See Report of the University of California Academic Council Standardized Testing Task Force for more.
... SAT and HSGPA are stronger predictors than family income or race. Within each of the family income or ethnicity categories there is substantial variation in SAT and HSGPA, with corresponding differences in student success. See bottom figure and combined model R^2 in second figure below; R^2 varies very little across family income and ethnic categories. ...
Test Preparation and SAT scores: "...combined effect of coaching on the SAT I is between 21 and 34 points. Similarly, extensive meta-analyses conducted by Betsy Jane Becker in 1990 and by Nan Laird in 1983 found that the typical effect of commercial preparatory courses on the SAT was in the range of 9-25 points on the verbal section, and 15-25 points on the math section."
Tuesday, February 04, 2020
Report of the University of California Academic Council Standardized Testing Task Force
Some remarks:
1. SAT and High School GPA (HSGPA) are both useful (and somewhat independent) predictors of college success. In terms of variance accounted for, we have the inequality:
SAT + HSGPA > SAT > HSGPA
There are some small deviations from this pattern, but it seems to hold overall. I believe that GPA has a relatively larger loading on conscientiousness (work ethic) than cognitive ability, with SAT the other way around. By combining the two we get more information than from either alone.
2. SAT and HSGPA are stronger predictors than family income or race. Within each of the family income or ethnicity categories there is substantial variation in SAT and HSGPA, with corresponding differences in student success. See bottom figure and combined model R^2 in second figure below; R^2 varies very little across family income and ethnic categories.
There is not much new here. In graduate admissions the undergraduate GPA and the GRE general + subject tests play a role similar to HSGPA and SAT. See GRE and SAT Validity.
See Correlation and Variance to understand better what the R^2 numbers above mean.
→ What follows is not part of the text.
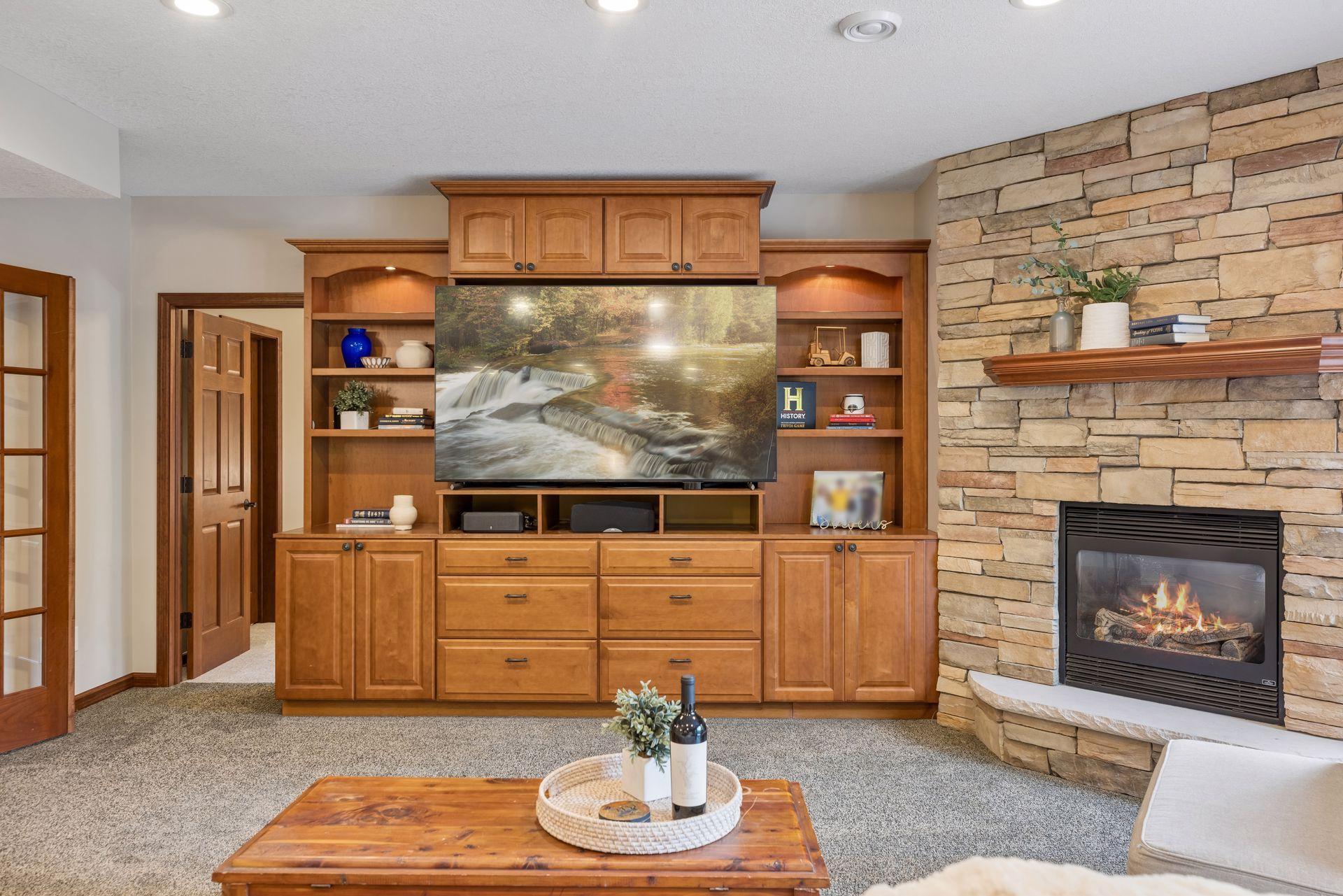 6815 Ruby Lane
R^2 ~ 0.26 means the correlation between predictor and outcome variable (e.g., freshman GPA) is R ~ 0.5 or so.
Test Preparation and SAT scores: "...combined effect of coaching on the SAT I is between 21 and 34 points. Similarly, extensive meta-analyses conducted by Betsy Jane Becker in 1990 and by Nan Laird in 1983 found that the typical effect of commercial preparatory courses on the SAT was in the range of 9-25 points on the verbal section, and 15-25 points on the math section."